In Lecture 2, although we used the identity function, we could have used any other activation function. Try implement a [ReLU activation function](https://en.wikipedia.org/wiki/Rectifier_(neural_networks)). You will need to know the derivative of the ReLU function to complete this exercise, in order to implement the corresponding `_backward` method. You will also need to amend the computation such that this activation is called prior to calculating the error.

In [12]:
import random

w = Value(0)
b = Value(0)

for i in range(1000):

    xs = random.randint(1,3)
    x = Value(xs)
    y = Value(2*xs)

    a = x * w
    y_pred = a + b
    pos = y_pred + y_pred.abs()
    relu = pos / 2

    err = relu - y
    loss = err ** 2

    w.grad = 0
    b.grad = 0

    loss.backward()
    w.grad, b.grad

    # update weights and bias using gradient descent formula
    lr = 0.001
    w.data -= lr * w.grad
    b.data -= lr * b.grad

print(w.data, b.data)

1.7062930258900773 0.6506436947887849


## Extension 2: building a multi-layer perceptron

We won't have time to cover multilayer perceptions in this seminar, and dong so depends on some of the terminology we will only cover in depth next week. For those who are interested, and want to extend their own implementation of neural networks, I would strongly recommend following on with Karpathy's tutorial. You can pick up his video at around 1:44:00 to see an implementation of a multilayer perceptron. 

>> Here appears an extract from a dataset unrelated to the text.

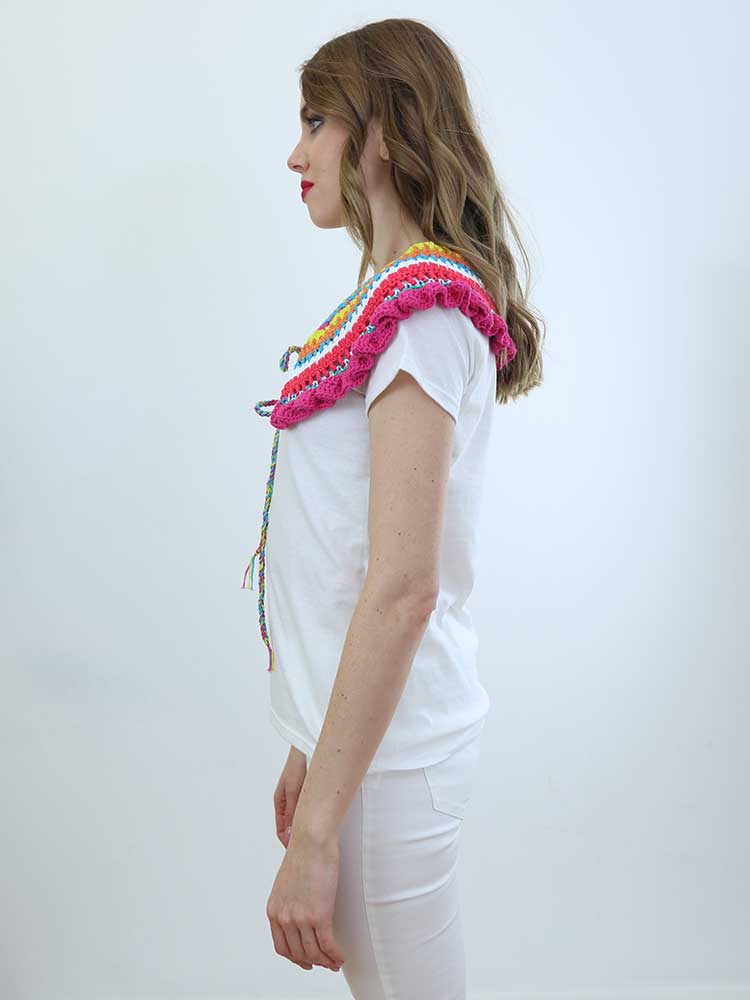 Tricot à Porter COLLO MULTICOLOR CROCHET Novità
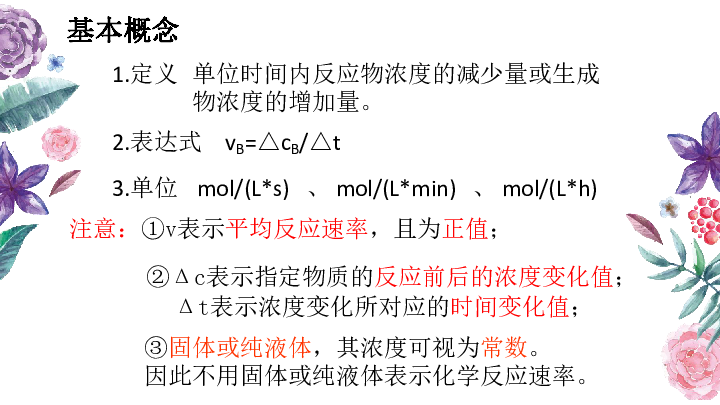 高中化学苏教版必修二专题2 第一单元 化学反应速率-第一课时（9张ppt）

There are two important differences between our implementation and Karpathy's if you try and continue with his implementation:

1. We assume identity activation functions, whereas Karpathy uses a tanh activation function. This requires adding a new `tanh()` method to the Value class, as well as the corresponding backwards routine.
2. We assume that all data is of Value class, but sometimes it might be helpful to be able to handle ints and floats directly. In the various operation magic methods, you can add a check to convert any second argument to a Value object if it is not already.